Today’s video is all about how to invert chords on the piano.  This is a SUPER IMPORTANT and practical skill to learn – take heed of the all caps!

How to invert chords – C major chord

So let’s look at C major chord. The notes are:

C, E, G.

These three notes can be jumbled and rearranged in any order, and still be a C major chord. Even if you did:

E, G, C
G, C, E

It’s the same chord – this is what it means to ‘invert’ a chord.

F major chord

Logic dictates that if you have 3 notes in a chord, you can rearrange it 3 times.

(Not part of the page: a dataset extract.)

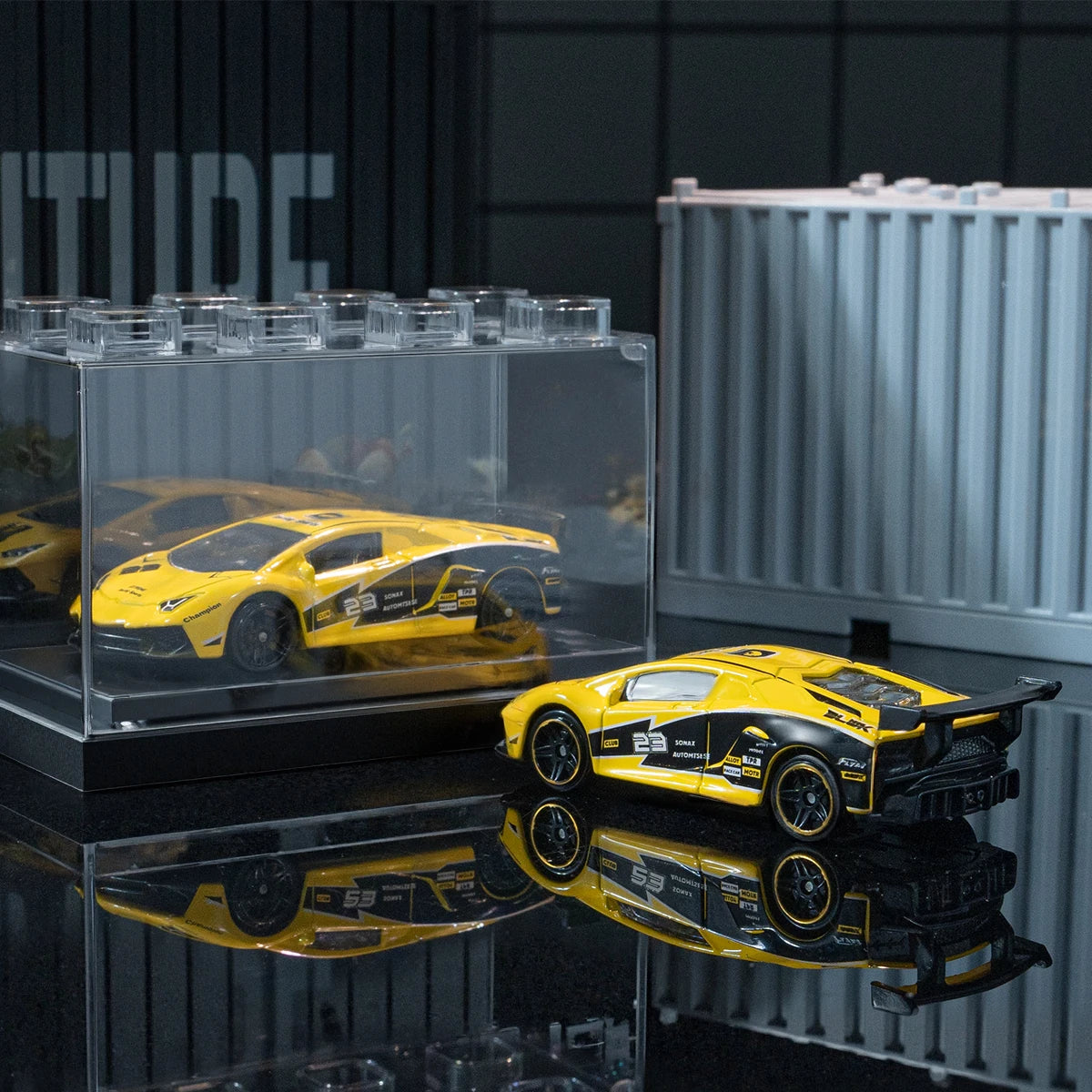 Aventador SVJ Die-cast Model, Alloy Car Toys Collectibles, 1/64 Scale Racing Ornament, Home Decoration, Gifts for Ages 3+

So let’s do another one together – F major:

F, A, C

These three letters can be arranged in two more ways (bottom note written first):

A, C, F
C, F, A

Why learn how to invert chords?

The main reason to do inversions, and to understand them, is so that when you’re playing chords, your hands aren’t flying all over the keyboard. For example, if you tried to play a C chord, and then move to an F chord, playing both in root position, you’d need to jump several notes to get there:

C, E, G –> F, A, C

But if you play the inverted version of F chord, you can keep your ‘C’ in the same spot, and just change the upper two notes:

C, E, G –> C, F, A

which not only makes it easier to play, the sound is more uniform, too. It sounds much more natural to play a chord progression that doesn’t wildly leap all over the keys.


When you find chords on the internet to a popular song you want to learn, try out different inversions of the chords instead of playing everything in root position. It’ll take a lot of brainpower at first, but the more you do it, the easier it becomes. Practice makes perfect!